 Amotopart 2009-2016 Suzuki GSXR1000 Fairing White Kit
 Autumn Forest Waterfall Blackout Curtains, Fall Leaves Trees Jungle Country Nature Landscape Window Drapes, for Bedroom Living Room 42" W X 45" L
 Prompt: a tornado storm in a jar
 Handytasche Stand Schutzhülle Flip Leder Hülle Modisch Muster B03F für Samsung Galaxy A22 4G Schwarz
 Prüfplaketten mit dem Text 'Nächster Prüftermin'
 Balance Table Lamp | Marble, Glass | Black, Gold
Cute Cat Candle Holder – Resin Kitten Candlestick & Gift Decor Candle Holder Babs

* * *

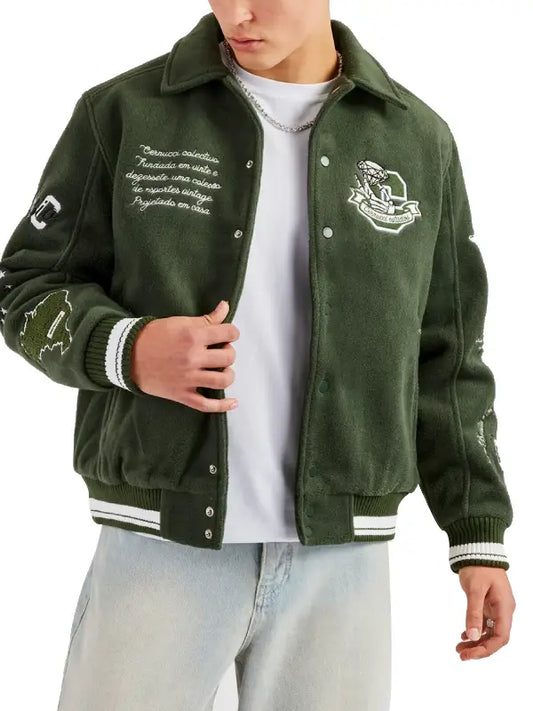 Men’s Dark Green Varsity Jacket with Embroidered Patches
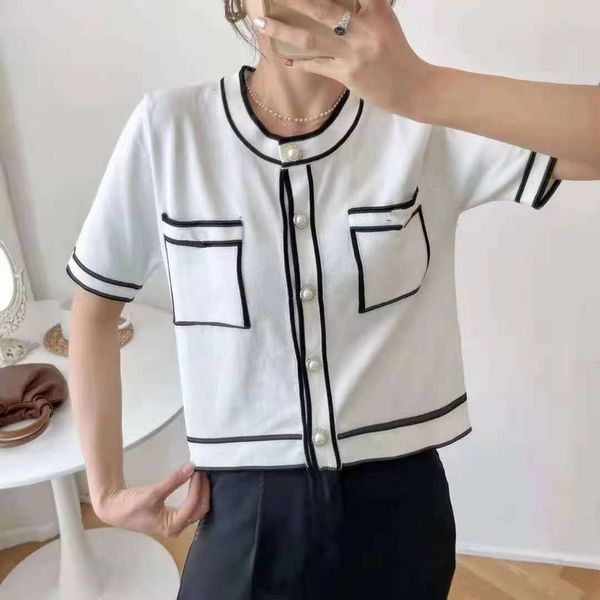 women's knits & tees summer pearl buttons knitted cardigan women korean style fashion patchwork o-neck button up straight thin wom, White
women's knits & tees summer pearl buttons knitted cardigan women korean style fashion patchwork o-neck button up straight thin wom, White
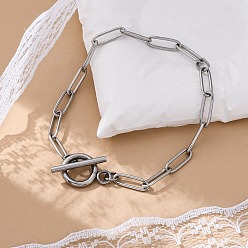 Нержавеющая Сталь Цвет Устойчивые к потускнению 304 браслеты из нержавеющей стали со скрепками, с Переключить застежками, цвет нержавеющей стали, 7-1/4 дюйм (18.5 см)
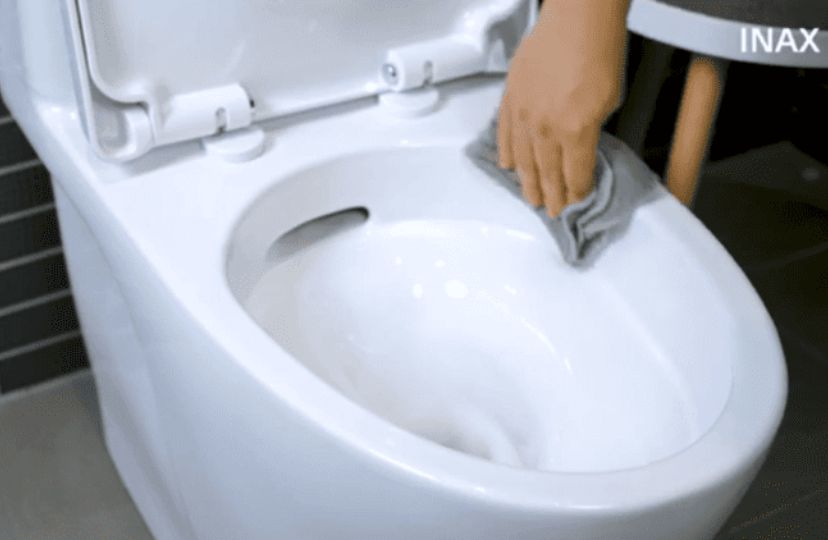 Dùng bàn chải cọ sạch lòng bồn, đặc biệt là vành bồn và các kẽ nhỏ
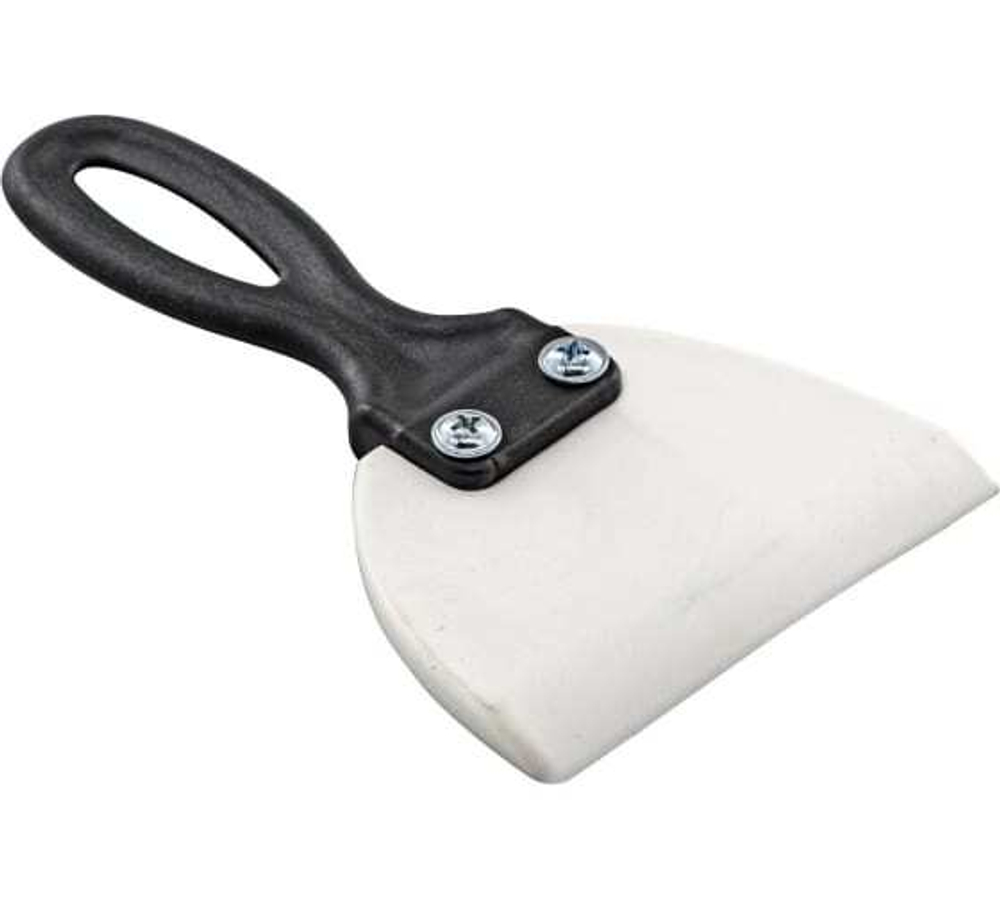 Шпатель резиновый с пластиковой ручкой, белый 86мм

* * *

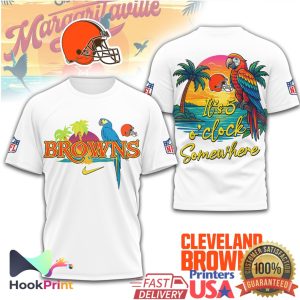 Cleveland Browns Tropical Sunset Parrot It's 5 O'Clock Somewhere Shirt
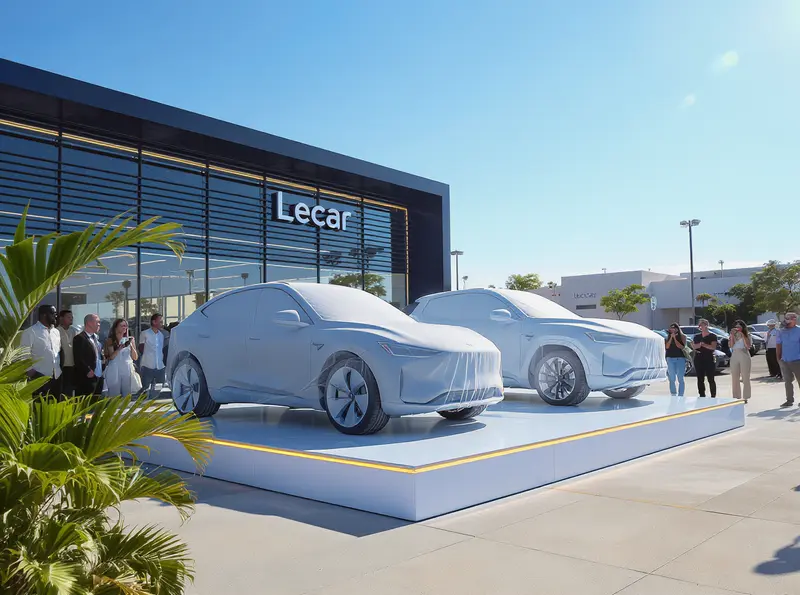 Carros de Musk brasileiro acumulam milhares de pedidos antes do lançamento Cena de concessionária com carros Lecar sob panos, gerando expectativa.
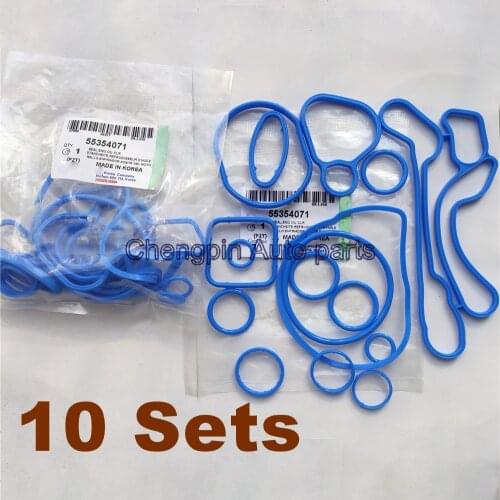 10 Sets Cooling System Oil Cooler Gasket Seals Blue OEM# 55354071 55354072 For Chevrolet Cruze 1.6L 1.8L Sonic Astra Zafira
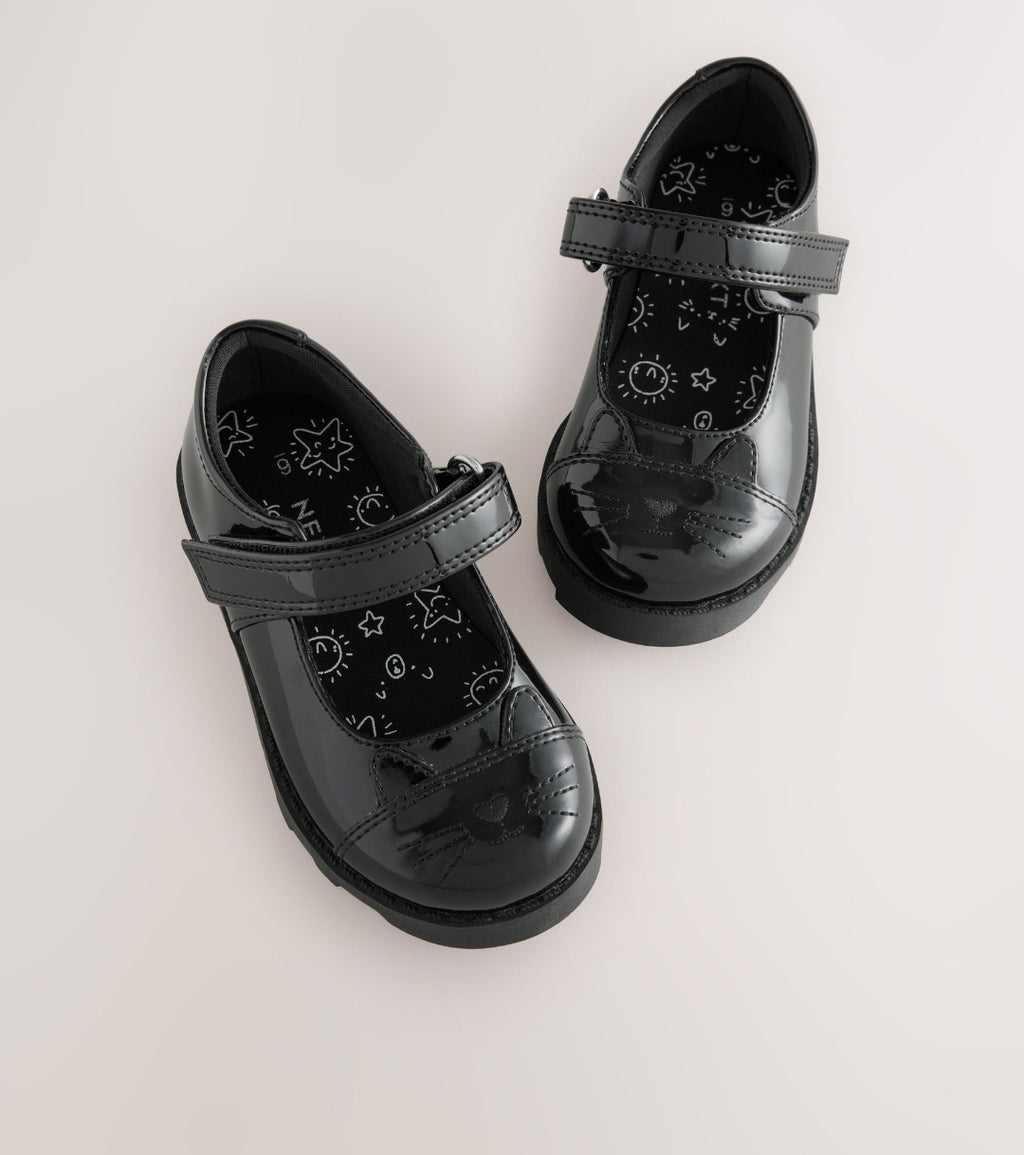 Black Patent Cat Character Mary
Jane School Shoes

## How to complete this task:
Leave out every line above except those from the line with "Prompt: a tornado storm in a jar" up to and including the line with "Cute Cat Candle", and copy those exactly.

## Solution to this problem:
 Prompt: a tornado storm in a jar
 Handytasche Stand Schutzhülle Flip Leder Hülle Modisch Muster B03F für Samsung Galaxy A22 4G Schwarz
 Prüfplaketten mit dem Text 'Nächster Prüftermin'
 Balance Table Lamp | Marble, Glass | Black, Gold
Cute Cat Candle Holder – Resin Kitten Candlestick & Gift Decor Candle Holder Babs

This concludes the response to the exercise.